En 2004, l’immeuble avait fait l’objet d’un arrêté d’insalubrité. L’arrêté a été levé en 2014, une fois des travaux effectués, indique Soizig Ndellec, adjointe à la maire au logement, à l’hygiène et à l’habitat. «Le propriétaire du local ne possédait pas d’autorisation d’urbanisme, et comme l’accès au logement se faisait en traversant le magasin, ce n’était pas réglementaire», ajoute Loïc Boisson, adjoint au cabinet de la maire d’Aubervilliers.

Les marchands de sommeil, un problème récurrent

Dans un premier temps, l’assistante sociale a permis de loger les locataires de l’immeuble à l’Ibis Budget d’Aubervilliers. A présent, M. Singh et sa famille vivent dans un logement provisoire à La Courneuve, en attendant un logement définitif. Ses enfants sont toujours scolarisés à Aubervilliers. « Nous vivons avec ma femme, mes enfants, sa cousine et son mari,» raconte le commerçant. Les autres locataires sont toujours à l’hôtel », affirme-t-il.

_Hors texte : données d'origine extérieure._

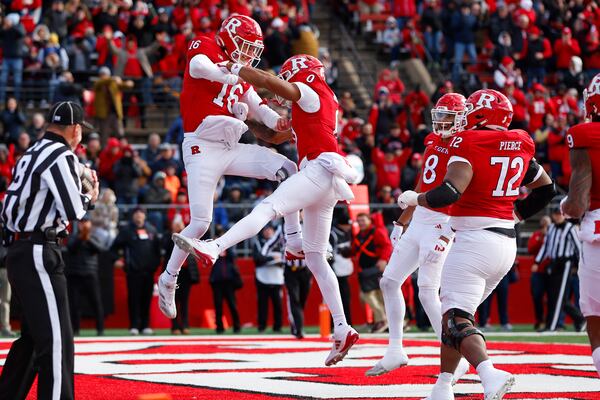 Rutgers quarterback Athan Kaliakmanis (16) celebrates his rushing touchdown against Illinois with wide receiver Dymere Miller (0) during the first half of an NCAA college football game, Saturday, Nov. 23, 2024, in Piscataway, N.J. (AP Photo/Rich Schultz)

Le problème est récurrent : celui des marchands de sommeil, qui ne respectent pas les normes de sécurité. Dans la ville, où 75 % des logements appartiennent à des bailleurs privés et 42% sont considérés comme potentiellement insalubres, la punition n’est pas toujours au rendez-vous, indique la mairie : « Depuis 2014, seulement quatre procédures pénales ont pu aller au bout » affirme Soizig Ndellec. «Très peu de procédures atteignent des condamnations de prison : seulement une, avec du sursis et confiscation de bien. »

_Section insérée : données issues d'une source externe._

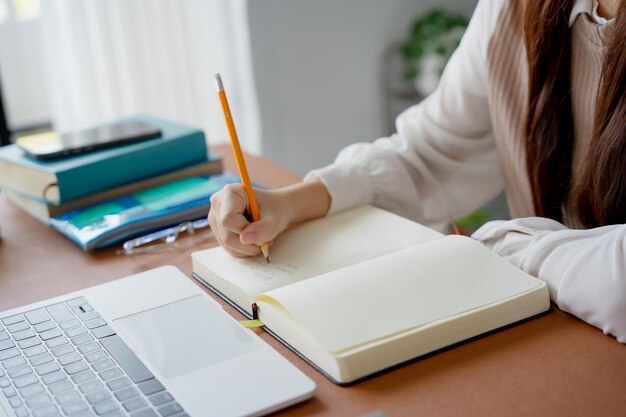 Mujer asiática que usa una computadora portátil para estudiar estudiante involucrado en aprendizaje en línea en la universidad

Pour lutter contre le mal-logement, la mairie compte sur la mise en application de la loi Alur dès janvier 2019. Cette loi met en place un « permis de louer » document légal que délivrera la mairie ; le bailleur qui n’aurait pas sollicité ce document s’exposerait à une amende de 5 000 euros, qui irait jusqu’à 15 000€ si la location est faite malgré un avis défavorable. Autre initiative : le Programme national de requalification des quartiers anciens dégradés (PNRQAD), qui demanderait en moyenne 200 000 euros par logement et jusqu’à 2 millions d’euros par copropriété. Reste à voir si les financements seront au rendez-vous.